Express

Express.js is arguably the most popular web framework for Node.js

A typical app structure for express celebrates the notion of routes and handlers, while views and data are left for interpretation (probably because the rise of microservices and client-side apps).

So an app structure may look like this:

app/
routes.js
handlers/
health.js
shazam.js

While routes.js glues everything together:

// ... some code ...
const health = require('./handlers/health')
const shazam = require('./handlers/shazam')
app.get('/health', health)
app.post('/shazam', shazam)
module.exports = app

Unlike React Native, you could dynamically load modules here.

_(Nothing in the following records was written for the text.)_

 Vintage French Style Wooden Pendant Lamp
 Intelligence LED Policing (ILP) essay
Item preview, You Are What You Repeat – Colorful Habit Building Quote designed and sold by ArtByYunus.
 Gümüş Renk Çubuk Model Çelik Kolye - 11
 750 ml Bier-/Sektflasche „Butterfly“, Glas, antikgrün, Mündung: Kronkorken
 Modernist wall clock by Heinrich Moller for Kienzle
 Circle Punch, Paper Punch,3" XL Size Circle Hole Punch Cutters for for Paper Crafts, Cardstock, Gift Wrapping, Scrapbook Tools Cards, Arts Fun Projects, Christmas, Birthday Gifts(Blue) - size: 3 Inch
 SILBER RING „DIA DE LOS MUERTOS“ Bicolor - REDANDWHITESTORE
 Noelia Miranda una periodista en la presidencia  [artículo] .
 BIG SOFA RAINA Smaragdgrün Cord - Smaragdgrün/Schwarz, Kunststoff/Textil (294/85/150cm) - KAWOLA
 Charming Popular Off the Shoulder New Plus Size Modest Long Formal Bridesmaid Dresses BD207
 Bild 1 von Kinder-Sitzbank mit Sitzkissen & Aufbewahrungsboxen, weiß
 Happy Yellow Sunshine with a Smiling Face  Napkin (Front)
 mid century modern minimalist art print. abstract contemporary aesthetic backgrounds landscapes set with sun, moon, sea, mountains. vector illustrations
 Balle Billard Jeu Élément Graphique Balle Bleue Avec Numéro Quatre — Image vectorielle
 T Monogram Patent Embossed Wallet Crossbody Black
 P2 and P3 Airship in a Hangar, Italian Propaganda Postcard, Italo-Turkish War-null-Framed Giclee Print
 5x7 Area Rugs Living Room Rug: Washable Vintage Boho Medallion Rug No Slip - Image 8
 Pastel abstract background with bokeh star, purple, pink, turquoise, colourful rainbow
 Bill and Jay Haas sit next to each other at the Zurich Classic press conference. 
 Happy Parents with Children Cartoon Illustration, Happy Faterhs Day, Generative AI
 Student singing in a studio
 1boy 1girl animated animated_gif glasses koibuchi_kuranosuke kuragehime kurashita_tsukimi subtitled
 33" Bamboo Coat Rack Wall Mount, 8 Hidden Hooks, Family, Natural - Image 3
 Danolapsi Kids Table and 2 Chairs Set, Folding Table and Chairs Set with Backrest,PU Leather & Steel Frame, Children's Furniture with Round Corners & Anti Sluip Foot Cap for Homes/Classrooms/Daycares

However, there's still a need for judgement when constructing the routes (app.get/post part).

Using hygen let's see how we could build something like this:

$ hygen route new --method post --name auth

Since we've been through a few templates as with previous use cases, let's jump straight to the interesting part, the inject part.

So let's say our generator is structured like this:

_templates/
route/
new/
handler.ejs.t
inject_handler.ejs.t

Then inject_handler looks like this:

---
inject: true
to: app/routes.js
skip_if: <%= name %>
before: "module.exports = app"
---
app.<%= method %>('/<%= name %>', <%= name %>)

Note how we're anchoring this inject to before: "module.exports = app". If in previous occasions we appended content to a given line, we're now prepending it.